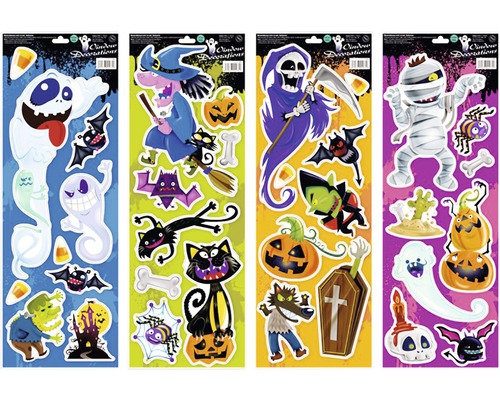 Různé okenní samolepky s halloweenskými motivy, jako jsou duchové, čarodějnice a mumie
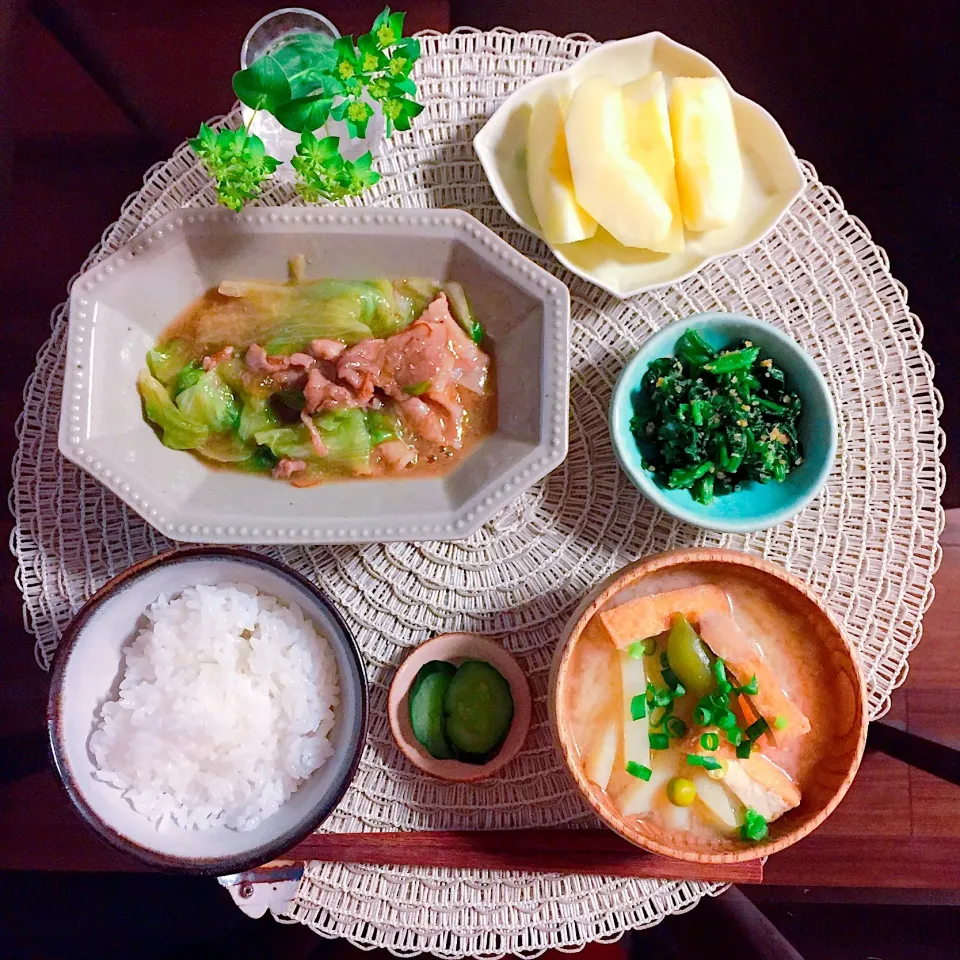 ✿豚肉とレタスのとろみ煮
✿ほうれん草のピーナッツ和え
✿じゃがいも、にんじん、玉ねぎ、スナップえんどう、厚揚げの味噌汁|はらしおりさん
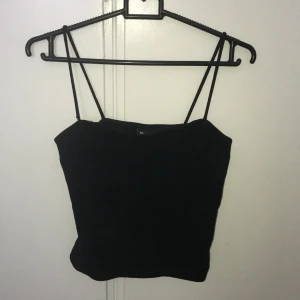 Svart linne - Ett svart linne i storlek S. 50kr+ frakt, den kostade 100kr när jag köpte den.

## DESCRIPTION OF THE TASK:
Write out the whole listing again, exactly, with no pictures.

## EXERCISE RESPONSE:
 Různé okenní samolepky s halloweenskými motivy, jako jsou duchové, čarodějnice a mumie
 ✿豚肉とレタスのとろみ煮
✿ほうれん草のピーナッツ和え
✿じゃがいも、にんじん、玉ねぎ、スナップえんどう、厚揚げの味噌汁|はらしおりさん
 Svart linne - Ett svart linne i storlek S. 50kr+ frakt, den kostade 100kr när jag köpte den.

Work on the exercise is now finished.